====== Data below ======

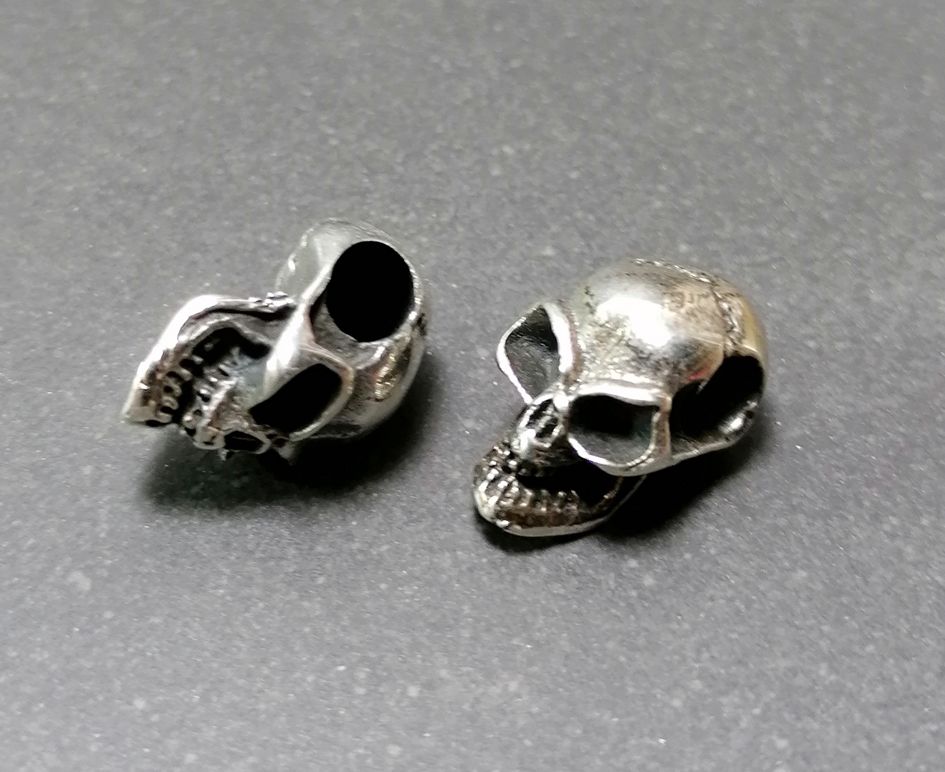 Silver Skalle med 5mm Hål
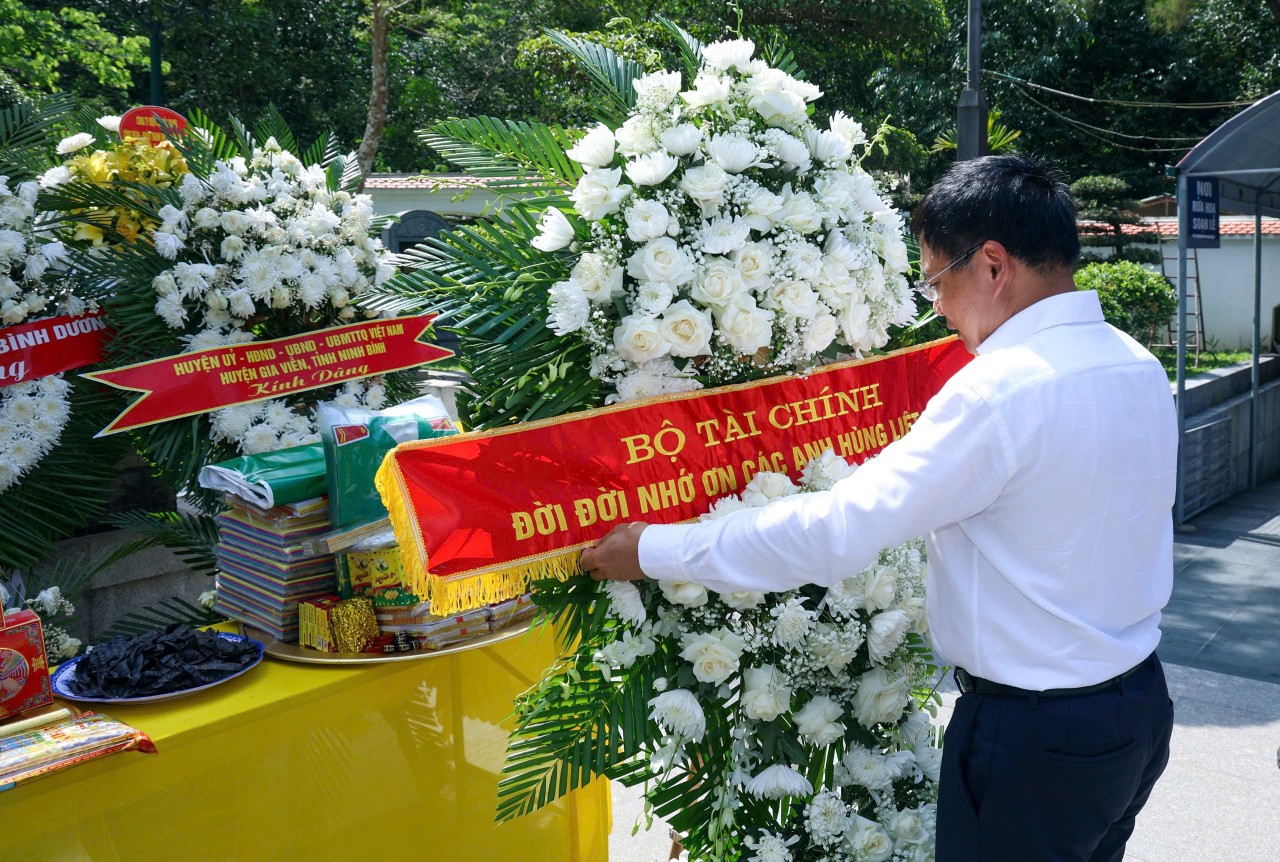 Bộ trưởng Bộ Tài chính Nguyễn Văn Thắng dâng hương, tưởng niệm tại Khu Di tích Ngã ba Đồng Lộc và Truông Bồn Bộ trưởng Bộ Tài chính Nguyễn Văn Thắng dâng hương, tưởng niệm tại Khu Di tích Ngã ba Đồng Lộc và Truông Bồn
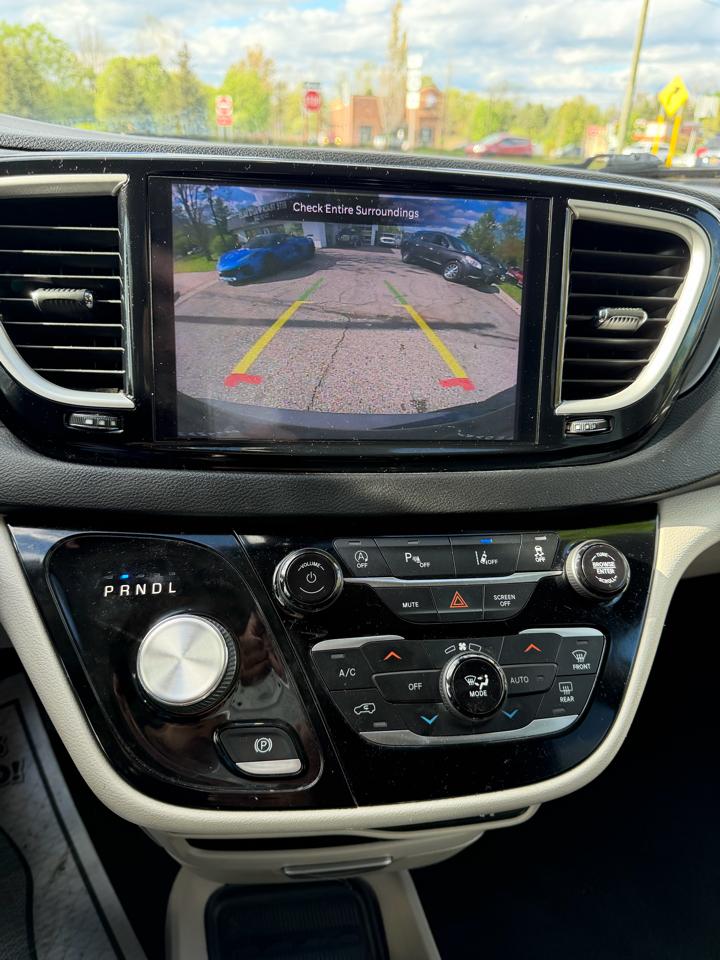 Chrysler Pacifica Touring-L 2022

======

Exactly as written above, print every line of the data but not its pictures.

 Silver Skalle med 5mm Hål
 Bộ trưởng Bộ Tài chính Nguyễn Văn Thắng dâng hương, tưởng niệm tại Khu Di tích Ngã ba Đồng Lộc và Truông Bồn Bộ trưởng Bộ Tài chính Nguyễn Văn Thắng dâng hương, tưởng niệm tại Khu Di tích Ngã ba Đồng Lộc và Truông Bồn
 Chrysler Pacifica Touring-L 2022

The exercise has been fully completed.